Polyneuropathy

Polyneuropathy
Polyneuropathy
Classification and external resources
ICD-10 G60-G64
ICD-9 356.4, 357.1-357.7
MeSH D011115

Polyneuropathy is a neurological disorder that occurs when many peripheral nerves throughout the body malfunction simultaneously. It may be acute and appear without warning, or chronic and develop gradually over a longer period of time. Many polyneuropathies have both motor and sensory involvement; some also involve dysfunction of the autonomic nervous system. These disorders are often symmetric and frequently affect the feet and hands, causing weakness, loss of sensation, pins-and-needle sensations or burning pain.[1] There are quite a few conditions that can cause polyneuropathy.

Contents

Classification

Polyneuropathies can be classified in many different ways, such as by cause, by speed of progression, or by the parts of the body involved. It is also important to distinguish between classes of polyneuropathy according to which part of the nerve cell is mainly affected: the axon, the myelin sheath, or the cell body.

  • Distal axonopathy, or "dying-back neuropathy", is the result of some metabolic or toxic derangement of neurons. It is the most common response of neurones to metabolic or toxic disturbances, and as such may be caused by metabolic diseases such as diabetes, renal failure, deficiency syndromes such as malnutrition and alcoholism, or the effects of toxins or drugs such as chemotherapy. They can be further divided according to the type of axon affected: large-fiber, small-fiber, or both. The most distal portions of axons are usually the first to degenerate, and axonal atrophy advances slowly towards the nerve's cell body. If the cause is removed, regeneration is possible, though the prognosis depends on the duration and severity of the stimulus. Those with distal axonopathies usually present with sensorimotor disturbances that have a symmetrical "stocking and glove" distribution. Deep tendon reflexes and autonomic nervous system functions are also lost or diminished in affected areas.
  • Myelinopathy, or "demyelinating polyneuropathy", is due to a loss of myelin (or of the Schwann cells that make and contain it). This demyelination slows down or completely blocks the conduction of action potentials through the axon of the nerve cell. The most common cause is acute inflammatory demyelinating polyneuropathy (AIDP, the most common form of Guillain-Barré syndrome), though other causes include chronic inflammatory demyelinating polyneuropathy (CIDP), genetic metabolic disorders (e.g., leukodystrophy), or toxins.
  • Neuronopathy is the result of destruction of peripheral nervous system (PNS) neurons. They may be caused by motor neurone diseases, sensory neuronopathies (e.g., Herpes zoster), toxins or autonomic dysfunction. Neurotoxins may cause neuronopathies, such as the chemotherapy agent vincristine.

Evaluation

Evaluation and classification of polyneuropathies begins with a history and physical exam in order to document what the pattern of the disease process is (arms, legs, distal, proximal, symmetric), when they started, how long they've lasted, if they fluctuate, and what deficits and pain are involved. If pain is a factor, and it often is, determining where and how long the pain has been present is important.

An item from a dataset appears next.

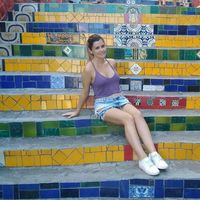 Aline Silva的照片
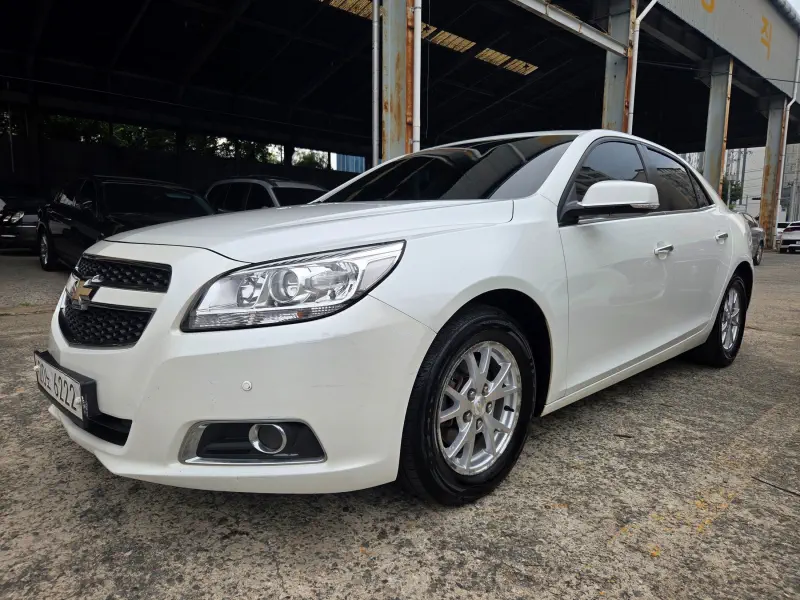 Daewoo Malibu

One also needs to know what disorders are already present within the family and what diseases the patient may currently have. This is vital in forming a differential diagnosis.

Although often diseases are suggested by the physical exam and history alone, testing is still a large part of the diagnosis. Tests which may be employed include: electrodiagnostic testing using electromyography, muscle biopsy, serum creatine kinase (CK), antibody testing. Nerve biopsy is not used much, but is helpful in determining small fiber neuropathy. Other tests may be used, especially tests for specific disorders associated with polyneuropathies.

Causes

Acute polyneuropathy can have various causes, including infections, autoimmune reactions, toxins, certain drugs, and cancer.

Chronic polyneuropathy is often caused by diabetes mellitus or by the excessive use of alcohol (alcoholic polyneuropathy), but a variety of other less common causes are known, including nutritional deficiencies, and liver or kidney failure.[1]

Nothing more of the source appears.